# Puppy Won't Eat Out of a Bowl Anymore



## Gypsy'sPerson (Jun 17, 2009)

My 3 and a half month old puppy doesn't want to eat out of a bowl anymore. This started about a week ago. I washed her bowl, which I'd been doing regularl anyway, and I tried different bowls. She just won't eat out of the bowl. If I put the food on the floor, or in her kennel, then she eats it. She's been eating less than usual (down from about 1 cup a day to 1/2 cup a day) for the last week-week and a half as well. Any ideas on how to get her back to using her bowl? She drinks water out of an identical dish to her food dish, so I don't know what the deal is.

It's not a big deal for me to feed her off the floor or dump food in her crate at mealtimes. However, she will have to board and/or stay with friends when I travel for work and life would be easier for everyone if she'd just eat out of her bowl.

Thanks for any ideas!


----------



## rosemaryninja (Sep 28, 2007)

What material is her bowl made of?


----------



## Cobalt (Jul 27, 2007)

Lilly was losing weight and not eating when I switched to a stainless bowl and we figured out that her dog tags were making a "scary" noise on her bowl. Could that be it? Your dog has to drink water so you will see her use the water bowl but she may not like it. 

Dogs are certainly odd sometimes aren't they??


----------



## x3ro (Apr 29, 2009)

My pup did this.. Except he would eat out of a paper bowl. We finally put his other bowl out again, and he's eating out of it now. 

Sometimes I just think they want to be picky or something. Who knows.


----------



## FourIsCompany (Apr 18, 2009)

Find something that she will eat out of. A paper bowl (good idea, x3ro) or a paper plate, plastic bowl, pie pan, cardboard box and then use that for a while and then go back to the bowl. 

She might have gotten spooked or something and associated it with her food bowl. Hopefully, that association can be broken.


----------



## emily445455 (Apr 8, 2008)

My Belle had some problems with this when she was little, Penny never did...she would eat anything and everything you gave her, lol.

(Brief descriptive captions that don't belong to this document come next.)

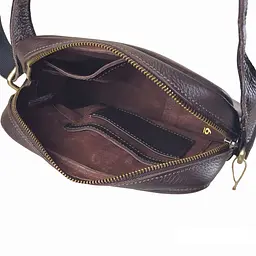 Сумка чоловіча через плече GS 22*20*5 cм шкіряна коричнева флотар (Б2К 001 кор Ф) 200 - мініатюра 7
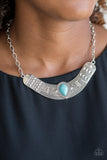 Paparazzi VINTAGE VAULT "Very Venturous" Blue Necklace & Earring Set Paparazzi Jewelry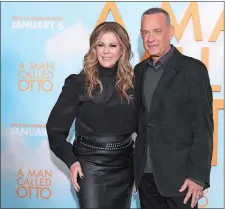  ?? SCOTT GARFITT, INVISION/AP ?? Rita Wilson and Tom Hanks arrive for the photocall of the film “A Man Called Otto” in London.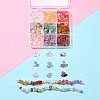 117G 9 Style Natural & Synthetic Gemstone Chips Beads Sets G-FS0002-27-4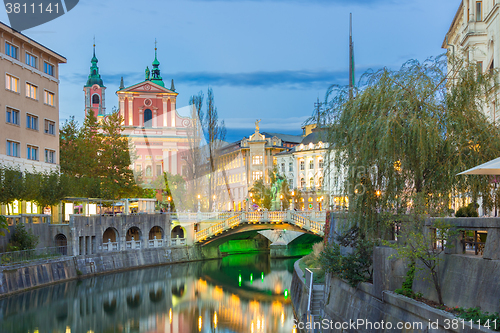 Image of Romantic medieval Ljubljana, Slovenia, Europe.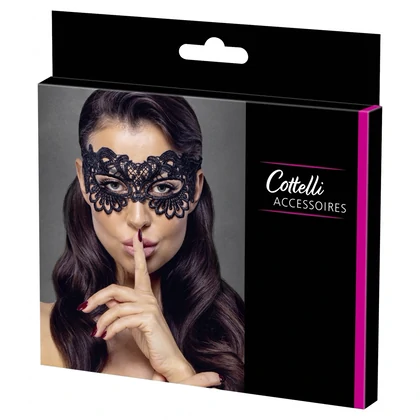 Mască Elegantă Cottelli Negru XS-L
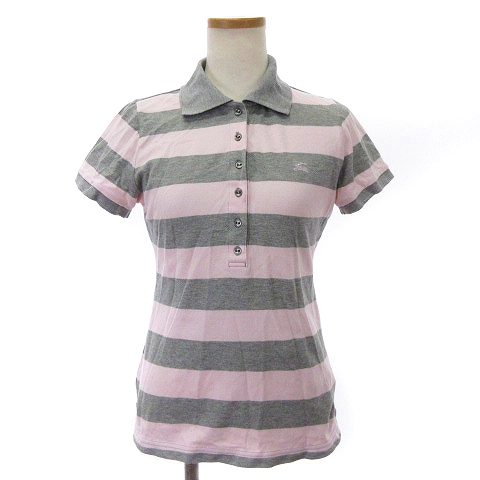 BURBERRY BLUE LABEL ポロシャツ ボーダー（BURBERRY BLUE LABEL  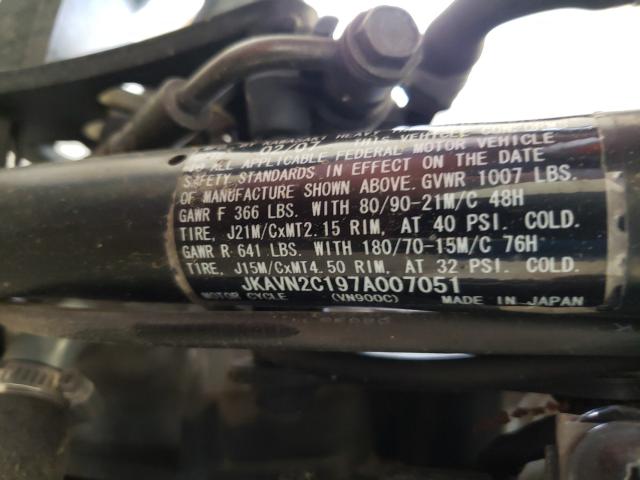 2007 KAWASAKI VULCAN 900 JKAVN2C197A007051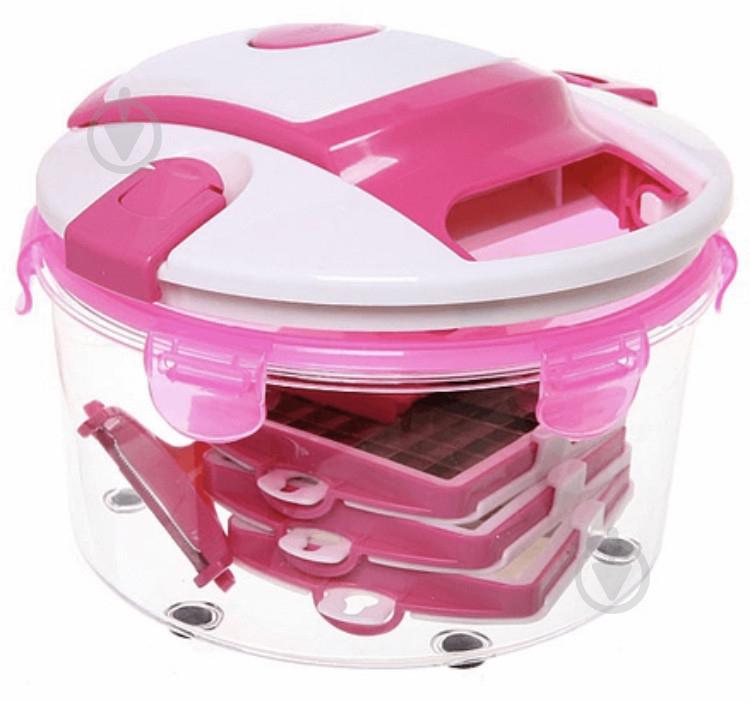 Овощерезка Salad Chef Smart Multi 13 в 1 Розовая (300467) - фото 1 Овощерезка Salad Chef Smart Multi 13 в 1 Розовая (300467) - фото 1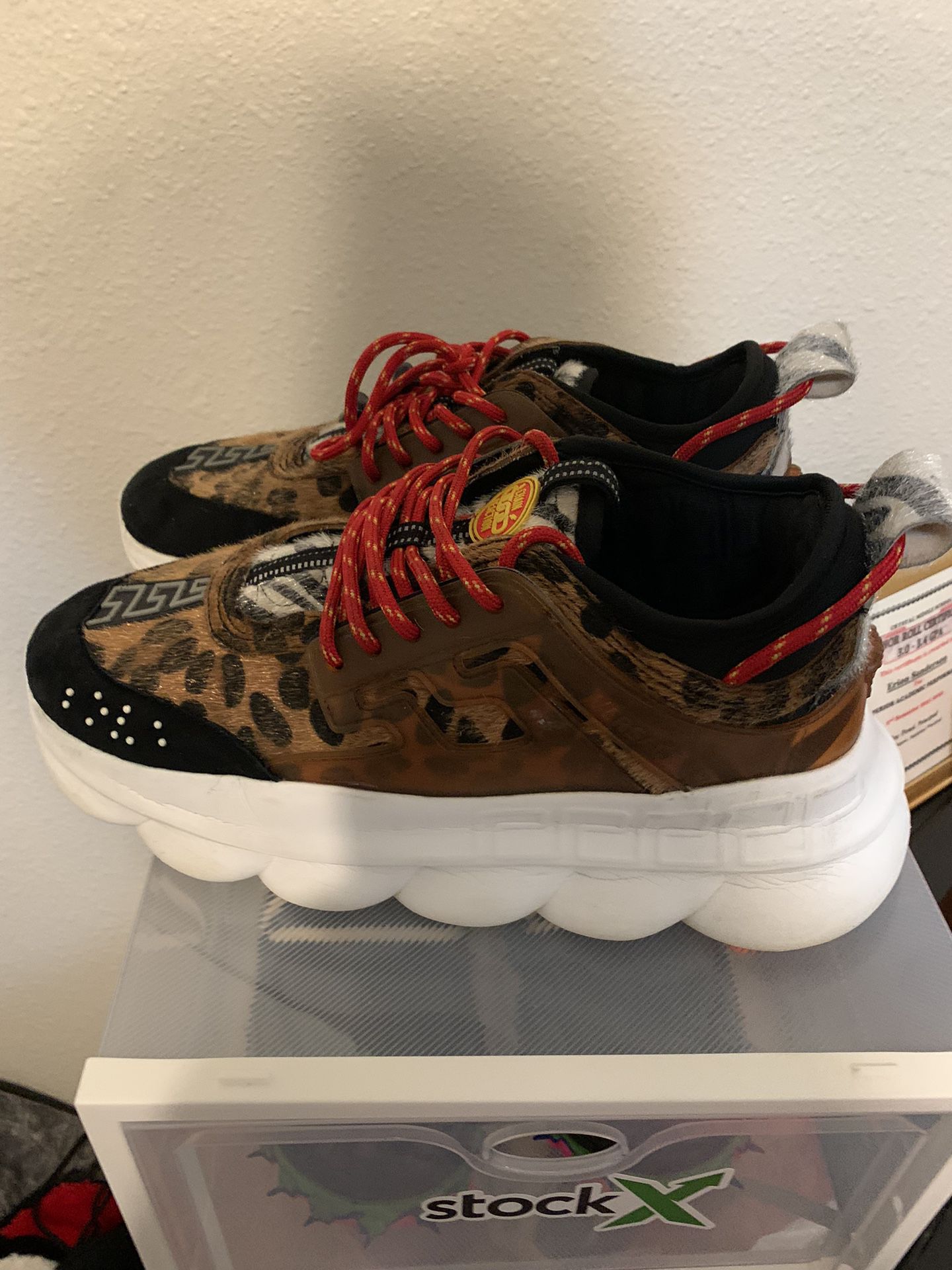 Versace, Shoes, 2 Chainz X Versace Chain Reaction Sneakers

But for Belle, it was kinda easy to fix. I would let her eat out of my hand near the bowl, then put my hand closer to inside the bowl, until it was laying on top of her food. Then took my hand out, and I had to stand in the kitchen when she ate, lol. I did that for a few days and it worked...except the standing in the kitchen one, I had to do that for a looonnnggg time, lol.


----------



## Teela Brown (Jul 3, 2009)

If it is plastic, some animals have a bad (allergic-type) reaction.

My cat cannot eat or drink out of anything plastic.


----------



## Gypsy'sPerson (Jun 17, 2009)

Thanks everyone! Her bowl is ceramic. I tried a couple of other bowls, but hadn't thought to try paper or a paper plate. I'll try that and let you know how it goes! Sometimes if I get her started by putting some on the floor by her bowl or in my hand, she'll eat a little after her bowl after that, but not much at all. I'm excited to try a paper plate and/or bowl and see if that works.


----------



## zimandtakandgrrandmimi (May 8, 2008)

I had a dog that did that.

I put her food in a cleaned soda bottle so she had to bat it around and only a few pieces of food would fall out at a time. it would take her hours to finish a meal. 

id periodically pit a bit in her bowl as well as in the bottle...she decided she preffered the bowl. easier to get actually full. 

they also make puzzle toys that are similar..Buster Cubes spring to mind.

and hey I did get quite a bit of chill time waiting for her to finish her bottle.


----------



## winniec777 (Apr 20, 2008)

Our dog will eat wet food and drink water out of her bowls, but not kibble. So we put her kibble on a plastic mat on the floor and she eats it from there. Got the mat at Petco - it's one of those mats you put under dog bowls to help keep the floor clean. If you can't retrain the puppy to eat from the bowl, you could try the mat.


----------